Le Document De Stratégie Nationale pour la Croissance et la Réduction de la Pauvreté (DSNCRP), publié en 2007, constitue le cadre de référence des politiques publiques de l’État haïtien. L’agriculture y est abordée comme un vecteur de croissance et un secteur prioritaire. Mais on constate que le document renferme le politiques néolibérales et donne la priorité aux intérêts internationaux sur les intérêts locaux dans le domaine de l’agriculture. Le Programme Spécial d’Urgence s’inscrit dans la même logique.
Le noeud des contradictions et la limite du programme du MARNDR
Quand le document requiert l’utilisation des produits locaux dans l’humanitaire, il s’agit d’un point positif, mais en même temps il faut faire attention car la disponibilité des stocks provenant de l’agriculture locale n’est pas le fruit du hasard sinon la conséquence de toute une politique qui devrait exister bien avant : appui à la production, formation, stockage, transformation, etc. Sur le terrain on constate que dans l’humanitaire également, le souci d’intérêt et de profit du capitalisme n’en finit pas.
Il est tout à fait intéressant de voir la question des intrants comme une exigence pour la production, au sens de fournir les engrais et autres aux paysans à un prix subventionné, cette idée est dégagée dans le programme du ministère. Mais ceci devait être bémolisé dans la mesure où, d’une part, considérant par exemple l’importation des engrais comme un marché juteux pour les transnationales qui vont absorber une grande partie du budget, car nous ne produisons les engrais sur place, la question se complique.

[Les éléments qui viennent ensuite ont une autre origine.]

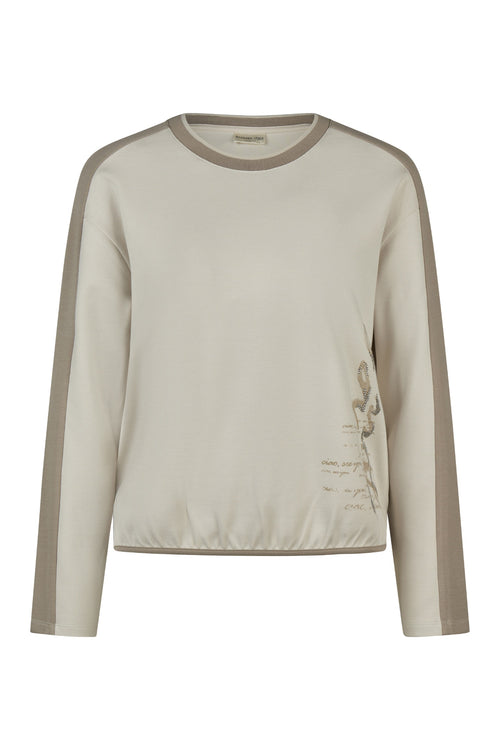 Barbara Lebek 16342062 Sweatshirt - Panna Cotta Shop Barbara Lebek at Dotique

Près de 24 millions de dollars américains sont orientés vers l’achat des intrants dans un jeu de dépendance qui fait les frais des transnationales et des intermédiaires locaux. De pareilles situations n’ont rien à voir avec une agriculture souveraine et paysanne axée sur la capitalisation des appauvris. Il s’agit plutôt d’un mécanisme de dépendance. Le Programme d’urgence du Ministère ne rompt pas avec le néolibéralisme, sinon il l’entretient et le développe dans un contexte de crise.
De plus, le budget total du programme est de 587 926 799 dollars américains ; l’ Etat haïtien dispose seulement de 4 500 000, donc il faut rechercher 583 426 799 dollars américain. En d’autres termes on a 0,008%. Sans trop de commentaire on voit déjà ce qui adviendra : ce sera un programme remanié, dicté et commandité par l’international. Le document n’apporte aucun souffle nouveau. Le MARNDR nie l’xistence et la force que représente la classe paysanne. Ce choix néolibéral nie les savoir feire populaires.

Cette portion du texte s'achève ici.